§ Your instructions
With the pictures omitted, print exactly the lines below, from the one containing "Detalle de Benjia" through the one containing "NGC5601 15mm - 16mm", and nothing else.

____ Data supplied

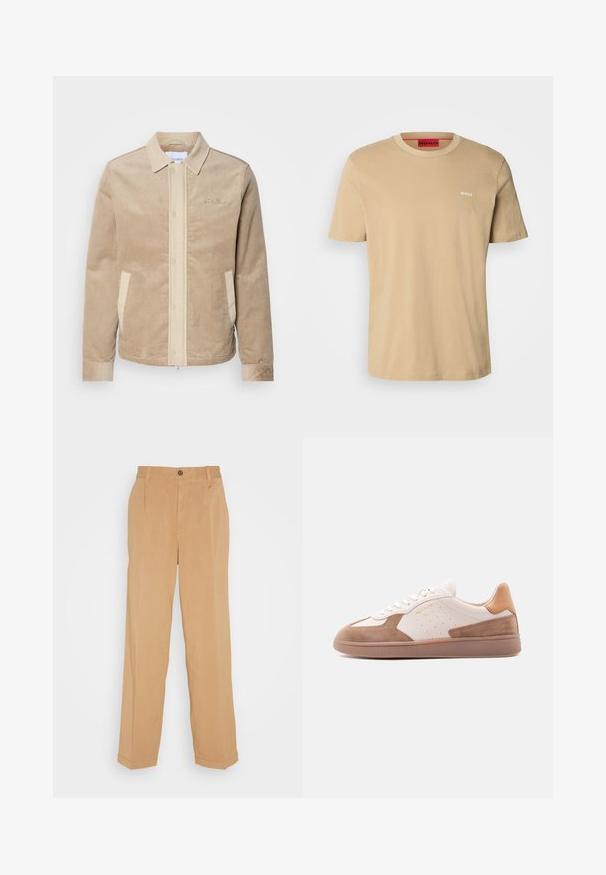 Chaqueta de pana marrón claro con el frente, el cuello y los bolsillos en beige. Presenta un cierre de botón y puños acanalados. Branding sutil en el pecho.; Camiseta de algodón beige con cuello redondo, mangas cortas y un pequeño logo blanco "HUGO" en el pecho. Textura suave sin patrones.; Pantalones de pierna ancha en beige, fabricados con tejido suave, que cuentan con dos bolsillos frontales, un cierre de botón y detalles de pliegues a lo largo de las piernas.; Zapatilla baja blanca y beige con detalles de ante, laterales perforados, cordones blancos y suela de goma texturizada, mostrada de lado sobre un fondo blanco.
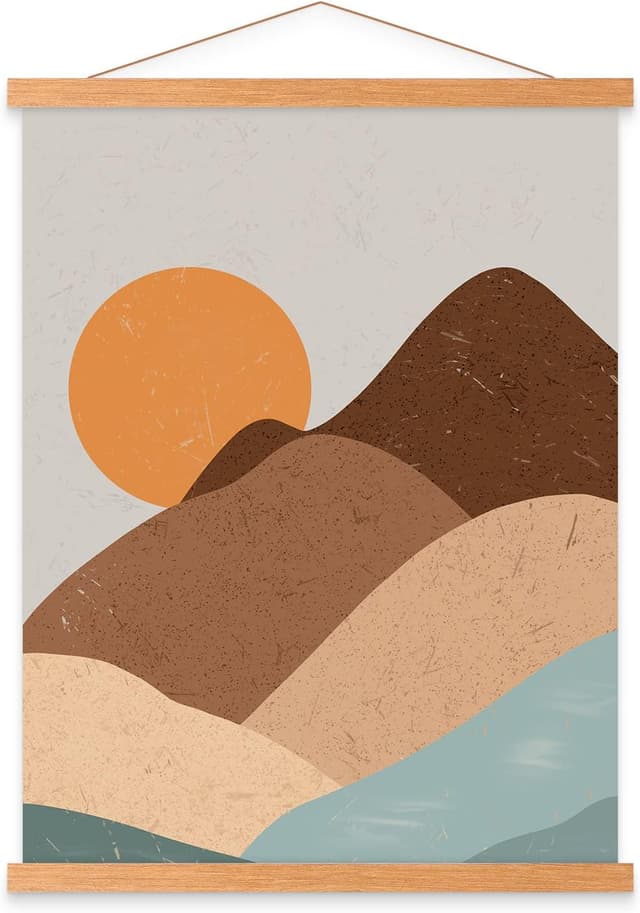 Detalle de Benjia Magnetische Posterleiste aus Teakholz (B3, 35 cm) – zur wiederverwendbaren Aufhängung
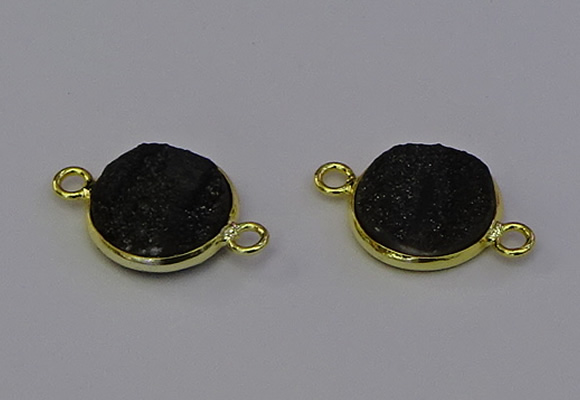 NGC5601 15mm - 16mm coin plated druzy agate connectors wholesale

________
____ Data supplied

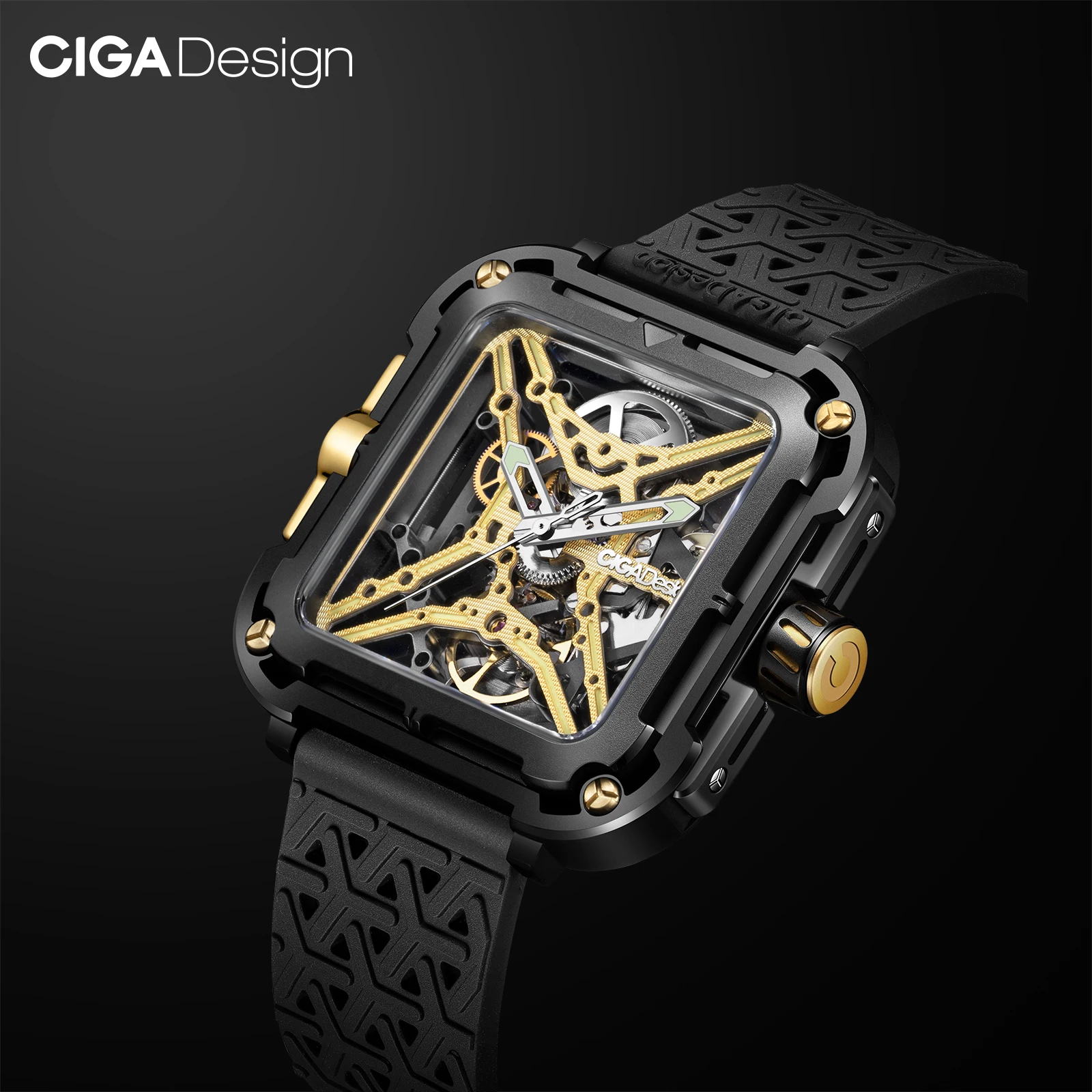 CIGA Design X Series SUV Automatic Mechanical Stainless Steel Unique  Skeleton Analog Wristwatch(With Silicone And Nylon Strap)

________

§ Exercise answer
 Detalle de Benjia Magnetische Posterleiste aus Teakholz (B3, 35 cm) – zur wiederverwendbaren Aufhängung
 NGC5601 15mm - 16mm coin plated druzy agate connectors wholesale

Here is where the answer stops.